INSTRUCTIONS FOR THE TASK —
Review the material line by line. Identify and copy every line that contains the string "going".
ENTRIES SUPPLIED Block Start
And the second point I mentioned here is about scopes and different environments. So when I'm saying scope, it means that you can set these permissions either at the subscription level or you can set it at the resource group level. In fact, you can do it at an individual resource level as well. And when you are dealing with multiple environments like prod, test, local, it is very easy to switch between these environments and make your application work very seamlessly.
ENTRIES SUPPLIED Block End
ENTRIES SUPPLIED Block Start
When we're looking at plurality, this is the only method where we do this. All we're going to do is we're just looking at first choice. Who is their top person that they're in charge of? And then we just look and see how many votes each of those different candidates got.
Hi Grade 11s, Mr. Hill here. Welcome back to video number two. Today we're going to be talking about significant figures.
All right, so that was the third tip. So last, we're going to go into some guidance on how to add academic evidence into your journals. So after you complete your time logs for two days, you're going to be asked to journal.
ENTRIES SUPPLIED Block End
ANSWER SECTION —
When we're looking at plurality, this is the only method where we do this. All we're going to do is we're just looking at first choice. Who is their top person that they're in charge of? And then we just look and see how many votes each of those different candidates got.
Hi Grade 11s, Mr. Hill here. Welcome back to video number two. Today we're going to be talking about significant figures.
All right, so that was the third tip. So last, we're going to go into some guidance on how to add academic evidence into your journals. So after you complete your time logs for two days, you're going to be asked to journal.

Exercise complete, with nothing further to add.